Let us take a right-angled triangle with base B, perpendicular P and hypotenuse H.

We know by the definition:
$\sin A = \dfrac{{Perpendicular}}{{{\text{Hypotenuse}}}} = \dfrac{P}{H} \Rightarrow {\sin ^2}A = \dfrac{{{P^2}}}{{{H^2}}}$
$\cos A = \dfrac{{Base}}{{{\text{Hypotenuse}}}} = \dfrac{B}{H} \Rightarrow {\cos ^2}A = \dfrac{{{B^2}}}{{{H^2}}}$
$\tan A = \dfrac{{Perpendicular}}{{Base}} = \dfrac{P}{B} \Rightarrow {\tan ^2}A = \dfrac{{{P^2}}}{{{B^2}}}$
According to Pythagoras’ theorem, this says that the square on the hypotenuse of a right-angled triangle is equal in area to the sum of the squares on the other two sides, i.e. ${H^2} = {P^2} + {B^2}$
So, we can say: ${\sin ^2}A + {\cos ^2}A = \dfrac{{{P^2}}}{{{H^2}}} + \dfrac{{{B^2}}}{{{H^2}}} = \dfrac{{{P^2} + {B^2}}}{{{H^2}}} = \dfrac{{{H^2}}}{{{H^2}}} = 1$
And also $\dfrac{{{{\sin }^2}A}}{{{{\cos }^2}A}} = \dfrac{{\dfrac{{{P^2}}}{{{H^2}}}}}{{\dfrac{{{B^2}}}{{{H^2}}}}} = \dfrac{{{P^2}}}{{{B^2}}} = {\tan ^2}A$
Let’s take the left-hand side of the given equation and try to simplify using trigonometric identities.
Firstly, we can take common $\sin A$ in the numerator and $\cos A$ in the denominator. This will give us:
$\Rightarrow \dfrac{{\sin A - 2si{n^3}A}}{{2{{\cos }^3}A - \cos A}} = \dfrac{{\sin A\left( {1 - 2{{\sin }^2}A} \right)}}{{\cos A\left( {2{{\cos }^2}A - 1} \right)}}$
Now, as we know that the ratio of sine and cosine is tangent, i.e.$\dfrac{{\sin A}}{{\cos A}} = \tan A$
$\Rightarrow \dfrac{{\sin A\left( {1 - 2{{\sin }^2}A} \right)}}{{\cos A\left( {2{{\cos }^2}A - 1} \right)}} = \tan A \times \dfrac{{\left( {1 - 2{{\sin }^2}A} \right)}}{{\left( {2{{\cos }^2}A - 1} \right)}}$
Also, we have trigonometric identities: ${\sin ^2}A + {\cos ^2}A = 1 \Rightarrow {\sin ^2}A = 1 - {\cos ^2}A$. So, we can substitute this value of ${\sin ^2}A$ in the above relation as:
$\Rightarrow \tan A \times \dfrac{{\left( {1 - 2{{\sin }^2}A} \right)}}{{\left( {2{{\cos }^2}A - 1} \right)}} = \tan A \times \dfrac{{\left( {1 - 2\left( {1 - {{\cos }^2}A} \right)} \right)}}{{\left( {2{{\cos }^2}A - 1} \right)}}$
This can be easily simplified by opening up the inner brackets, so we can rewrite it as:
$\Rightarrow \tan A \times \dfrac{{\left( {1 - 2\left( {1 - {{\cos }^2}A} \right)} \right)}}{{\left( {2{{\cos }^2}A - 1} \right)}} = \tan A \times \dfrac{{\left( {1 - 2 + 2{{\cos }^2}A} \right)}}{{\left( {2{{\cos }^2}A - 1} \right)}} = \tan A \times \dfrac{{\left( {2{{\cos }^2}A - 1} \right)}}{{\left( {2{{\cos }^2}A - 1} \right)}}$
So, we got an equal numerator and denominator. This will give us $1$.

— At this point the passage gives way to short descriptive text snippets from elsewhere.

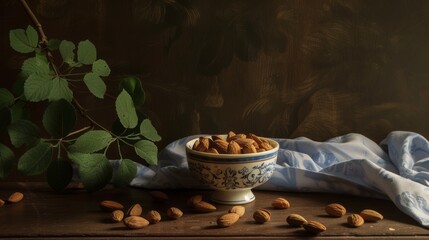 Almonds in porcelain bowl on table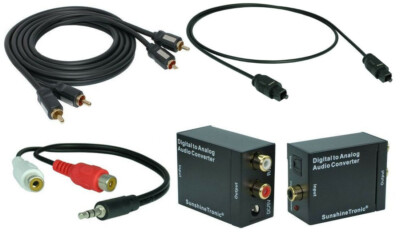 Digital zu Analog Audio Konverter+1,5m Toslink+Cinch Kabel+Klinke-Cinch Adapter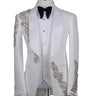 White hand-embellished jacquard three-piece tuxedo with crystal detailing on jacket and white satin shawl lapel. Master tailored in Istanbul for luxury events and weddings.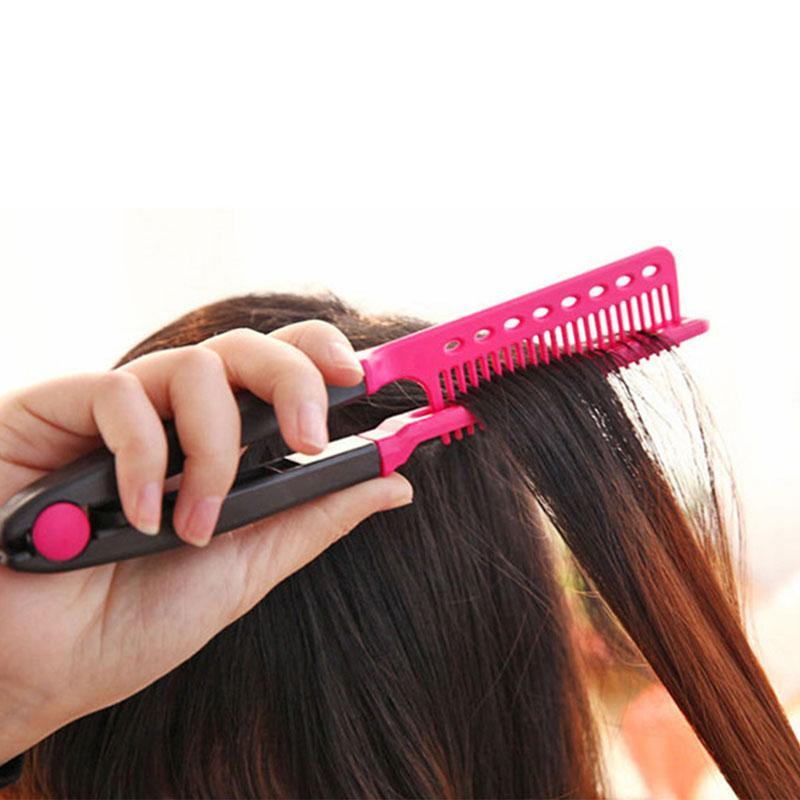 V-type Hair Straightener, 1 Count Hair Brush, Hair Comb, Hair Styling Tools, Portable Folding Hair Comb, Hair Care & Styling Supplies For Home Salon
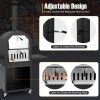 Outdoor Pizza Oven with Protective Cover and Grill Racks and Built-in Thermometer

$\Rightarrow \dfrac{{\operatorname{sinA} - 2si{n^3}A}}{{2{{\cos }^3}A - \cos A}} = \tan A \times 1 = \tan A$
Hence, we proved the left-hand side equal to the right-hand side in the equation.

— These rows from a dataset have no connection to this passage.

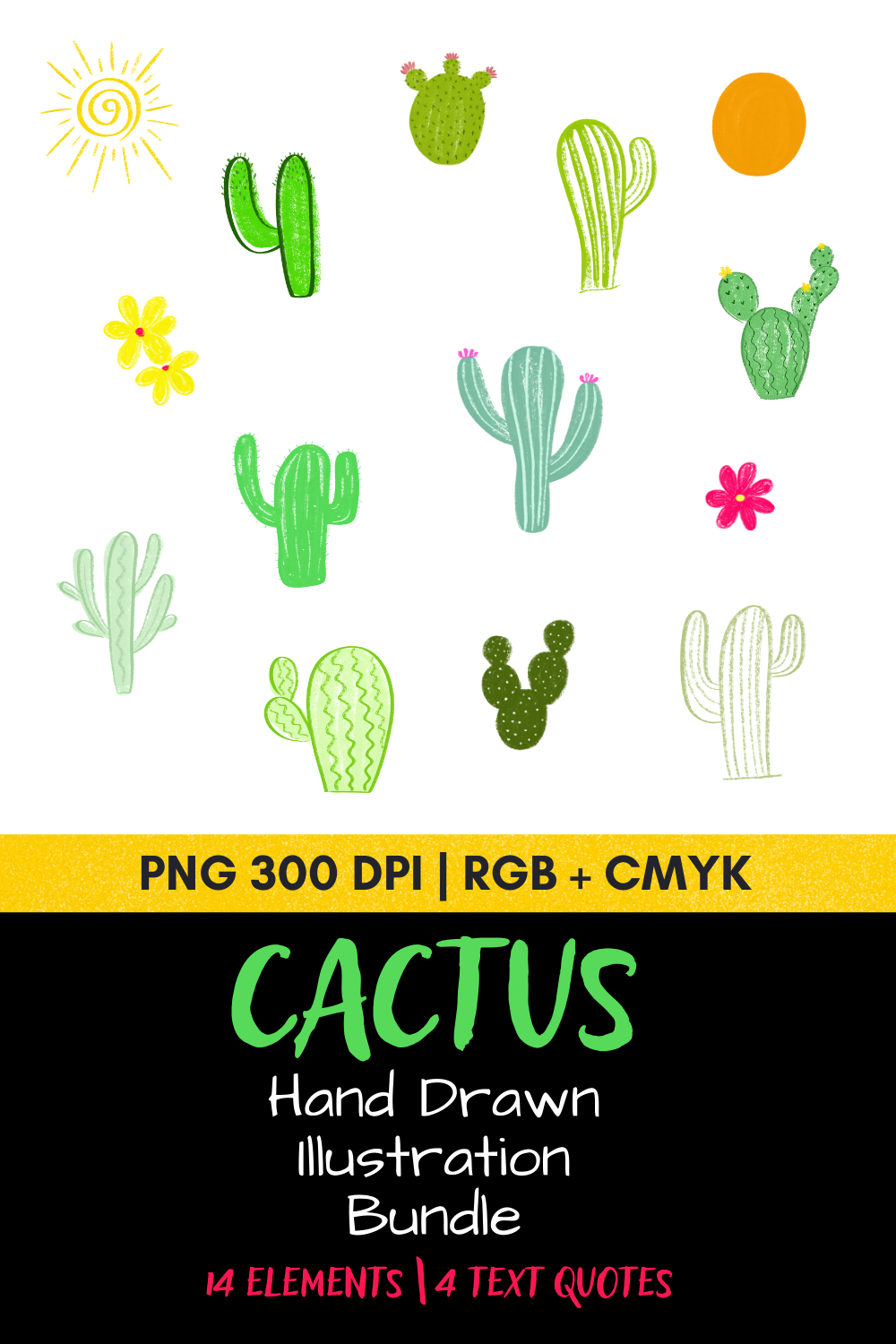 cactus hand drawn illustration bundle icon clipart text elements png rgb cmyk print web screen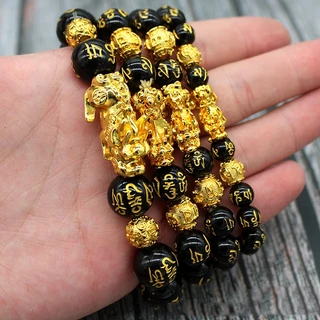 Obsidian Pixiu สร้อยข้อมือ ประดับลูกปัดนําโชค สําหรับคู่รัก กำไลทอง กำไลข้อมือ กําไล ข้อมือ กําไลลูกปัด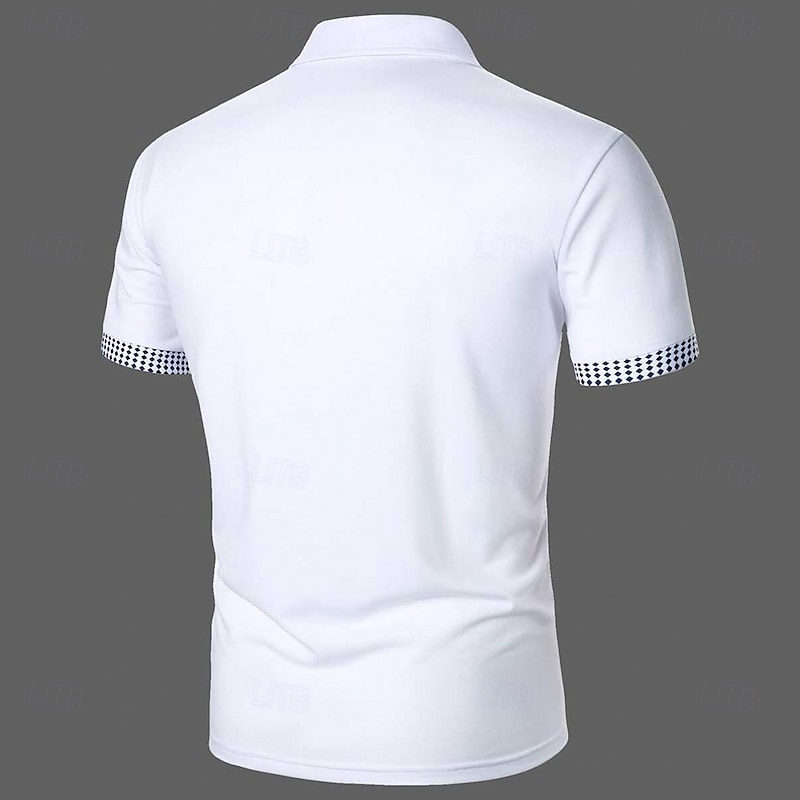 Men's Graphic Zip Polo Short Sleeve Polo Collar Modern Casual / Sporty Sports & Outdoor Athleisure Casual Daily Zipper 3D Print Summer White3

Note: In the questions where you need to prove in trigonometric ratios, always choose one side on which you can work easily. You should notice that the use of the identities ${\sin ^2}A + {\cos ^2}A = 1$ and $\dfrac{{\sin A}}{{\cos A}} = \tan A$ was a crucial part of the solution. An alternative approach to the problem can be taken by changing ${\cos ^2}A$ in the denominator in form of ${\sin ^2}A$ with the use of the above identities.